Associates Finance Company of Nebraska v. Teske , 190 Neb. 747 ( 1973 )


Menu:
  • 212 N.W.2d 572 (1973)
    190 Neb. 747

    ASSOCIATES FINANCE COMPANY OF NEBRASKA, a corporation, Appellant,
    v.
    Peter TESKE and Donna Teske, Appellees.

    No. 38973.

    Supreme Court of Nebraska.

    November 23, 1973.

    *573 Luebs, Tracy, Huebner, Dowding & Beltzer, D. Steven Leininger, Grand Island, for appellant.

    Heard before WHITE, C. J., and SPENCER, BOSLAUGH, SMITH, McCOWN, NEWTON and CLINTON, JJ.

    SPENCER, Justice.

    Plaintiff-appellant appeals from the dismissal of its petition seeking a money judgment for the unpaid balance of a promissory note.

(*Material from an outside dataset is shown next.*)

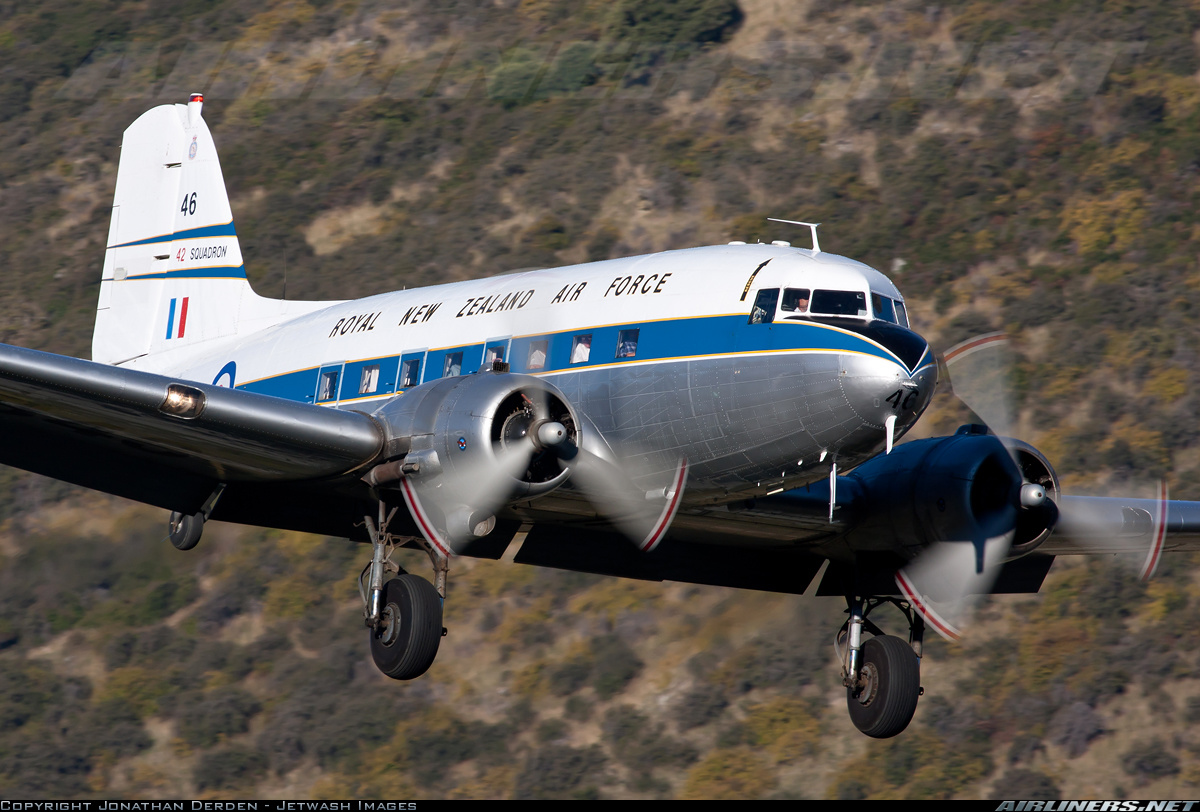 Douglas DC 3 Aircraft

Plaintiff repossessed and sold the secured collateral, a 1966 Lincoln Continental automobile; deducted the proceeds from the debt; and brought this action for the balance. The trial court found that the private sale of the collateral for $260 was not commercially reasonable under the Uniform Commercial Code and dismissed plaintiff's petition. We affirm.

    On June 17, 1970, defendants executed a promissory note in favor of the plaintiff, along with a security agreement covering the 1966 Lincoln Continental automobile. The amount loaned was $1,625.43. The amount of the note, which included finance charges, was $2,016. Defendants defaulted in their payments. On December 30, 1970, using a key made the week before, plaintiff took possession of the automobile which it found on a Grand Island street. Defendants were residents of Grand Island. The automobile was stored in the open in Grand Island until about the end of January 1971. It was then either driven or towed to Hastings. Plaintiff's manager testified both ways. There it was stored on a used car lot until March 15, 1971, when it was sold.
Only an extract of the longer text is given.